Kommentar
08:37 Uhr, 06.07.2005

Deka-EZB-Kompass bestärkt abwartende Haltung der EZB

1. Gesamtergebnis: Der EZB-Kompass lag im Juni bei 54,0 Punkten, nachdem der Mai-Wert von 52,7 auf 54,0 Punkte heraufrevidiert wurde. Die Revision ist im Wesentlichen auf die von 1,4 % auf 1,6 % gestiegene Kernrate des HVPI, eine stärkere Industrieproduktion und auf eine stärkere Kreditvergabe und höheres M3- Wachstum zurückzuführen. Ausgehend von dieser höheren Basis vom Mai zeigt der EZB-Kompass im Juni nun eine Seitwärtstendenz. Dabei stieg der HVPI erneut auf über 2 % an. Die Kernrate glich dies jedoch mit einem Rückgang auf 1,4 % wieder aus.

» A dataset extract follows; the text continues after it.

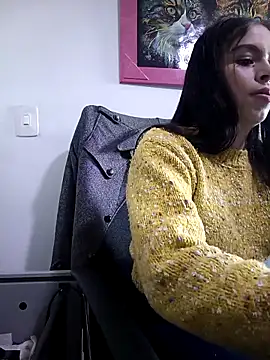 Snapshot of emilygrooe chatting on 02/17/26, 08:39 emilygrooe online show from 02/17/26, 08:39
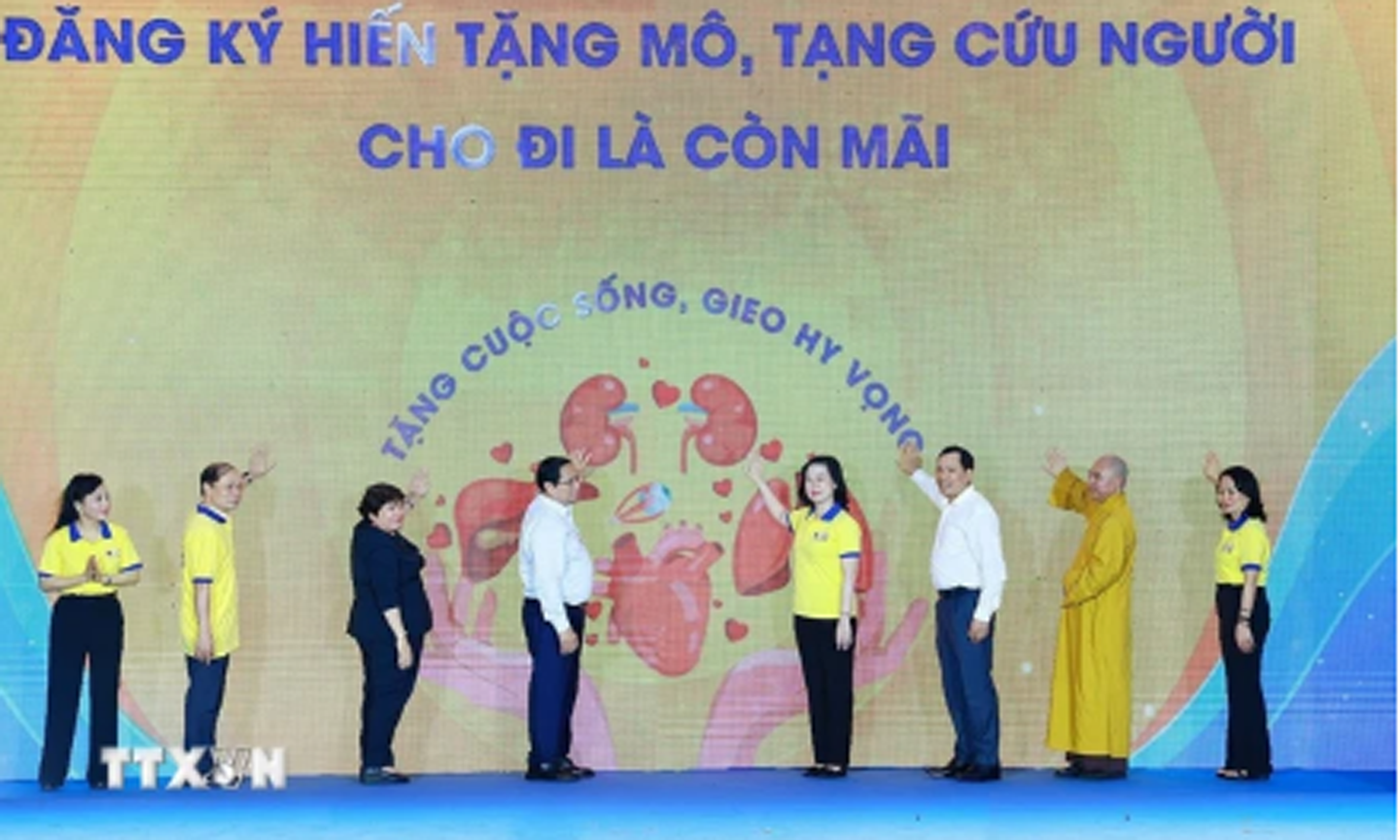 Thủ tướng Phạm Minh Chính và các đại biểu phát động Chương trình Đăng ký hiến tặng mô, tạng-Cho đi là còn mãi. (Ảnh: Dương Giang-TTXVN)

Erfreulich ist die Stabilisierung und sogar leichte Zunahme beim Economic Sentiment. Bei der Kreditvergabe gehen wir nicht davon aus, dass der Anstieg des Vormonats gehalten werden kann. Der für Mai berichtete saisonbereinigte Monatsanstieg von 0,8 % war der höchste seit März 2001.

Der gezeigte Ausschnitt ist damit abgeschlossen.